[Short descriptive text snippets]
=== Begin Enclosure ===
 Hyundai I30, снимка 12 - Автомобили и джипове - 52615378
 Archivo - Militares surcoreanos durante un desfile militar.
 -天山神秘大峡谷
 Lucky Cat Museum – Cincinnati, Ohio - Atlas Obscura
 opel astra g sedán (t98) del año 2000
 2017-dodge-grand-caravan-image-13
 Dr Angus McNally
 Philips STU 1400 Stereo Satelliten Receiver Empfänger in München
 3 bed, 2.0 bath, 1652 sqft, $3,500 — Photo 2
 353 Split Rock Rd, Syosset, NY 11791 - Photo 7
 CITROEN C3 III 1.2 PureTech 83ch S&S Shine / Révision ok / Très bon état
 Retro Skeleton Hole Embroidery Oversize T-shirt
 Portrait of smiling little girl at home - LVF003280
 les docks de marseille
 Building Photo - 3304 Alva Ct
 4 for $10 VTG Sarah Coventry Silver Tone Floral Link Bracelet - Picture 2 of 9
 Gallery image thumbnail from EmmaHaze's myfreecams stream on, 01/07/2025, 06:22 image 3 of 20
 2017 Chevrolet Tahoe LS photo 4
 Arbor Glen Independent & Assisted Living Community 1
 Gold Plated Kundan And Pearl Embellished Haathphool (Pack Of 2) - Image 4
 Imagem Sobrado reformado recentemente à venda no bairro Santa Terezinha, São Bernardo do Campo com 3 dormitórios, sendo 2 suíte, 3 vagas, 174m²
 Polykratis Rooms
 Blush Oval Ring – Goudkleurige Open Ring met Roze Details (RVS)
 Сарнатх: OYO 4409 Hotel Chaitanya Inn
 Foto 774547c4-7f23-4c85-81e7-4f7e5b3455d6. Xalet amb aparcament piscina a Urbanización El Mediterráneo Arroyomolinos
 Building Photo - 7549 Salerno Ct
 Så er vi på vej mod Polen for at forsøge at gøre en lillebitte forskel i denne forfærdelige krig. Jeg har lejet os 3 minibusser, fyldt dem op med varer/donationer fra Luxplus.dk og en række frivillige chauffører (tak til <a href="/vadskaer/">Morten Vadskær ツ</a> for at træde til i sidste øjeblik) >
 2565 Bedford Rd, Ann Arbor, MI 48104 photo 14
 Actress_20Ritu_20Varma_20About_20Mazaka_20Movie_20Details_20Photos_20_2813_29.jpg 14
=== End Enclosure ===
• **EXERCISE REQUIREMENTS**: Reproduce the data in full, precisely as given.

• **WRITTEN SOLUTION**:
 Hyundai I30, снимка 12 - Автомобили и джипове - 52615378
 Archivo - Militares surcoreanos durante un desfile militar.
 -天山神秘大峡谷
 Lucky Cat Museum – Cincinnati, Ohio - Atlas Obscura
 opel astra g sedán (t98) del año 2000
 2017-dodge-grand-caravan-image-13
 Dr Angus McNally
 Philips STU 1400 Stereo Satelliten Receiver Empfänger in München
 3 bed, 2.0 bath, 1652 sqft, $3,500 — Photo 2
 353 Split Rock Rd, Syosset, NY 11791 - Photo 7
 CITROEN C3 III 1.2 PureTech 83ch S&S Shine / Révision ok / Très bon état
 Retro Skeleton Hole Embroidery Oversize T-shirt
 Portrait of smiling little girl at home - LVF003280
 les docks de marseille
 Building Photo - 3304 Alva Ct
 4 for $10 VTG Sarah Coventry Silver Tone Floral Link Bracelet - Picture 2 of 9
 Gallery image thumbnail from EmmaHaze's myfreecams stream on, 01/07/2025, 06:22 image 3 of 20
 2017 Chevrolet Tahoe LS photo 4
 Arbor Glen Independent & Assisted Living Community 1
 Gold Plated Kundan And Pearl Embellished Haathphool (Pack Of 2) - Image 4
 Imagem Sobrado reformado recentemente à venda no bairro Santa Terezinha, São Bernardo do Campo com 3 dormitórios, sendo 2 suíte, 3 vagas, 174m²
 Polykratis Rooms
 Blush Oval Ring – Goudkleurige Open Ring met Roze Details (RVS)
 Сарнатх: OYO 4409 Hotel Chaitanya Inn
 Foto 774547c4-7f23-4c85-81e7-4f7e5b3455d6. Xalet amb aparcament piscina a Urbanización El Mediterráneo Arroyomolinos
 Building Photo - 7549 Salerno Ct
 Så er vi på vej mod Polen for at forsøge at gøre en lillebitte forskel i denne forfærdelige krig. Jeg har lejet os 3 minibusser, fyldt dem op med varer/donationer fra Luxplus.dk og en række frivillige chauffører (tak til <a href="/vadskaer/">Morten Vadskær ツ</a> for at træde til i sidste øjeblik) >
 2565 Bedford Rd, Ann Arbor, MI 48104 photo 14
 Actress_20Ritu_20Varma_20About_20Mazaka_20Movie_20Details_20Photos_20_2813_29.jpg 14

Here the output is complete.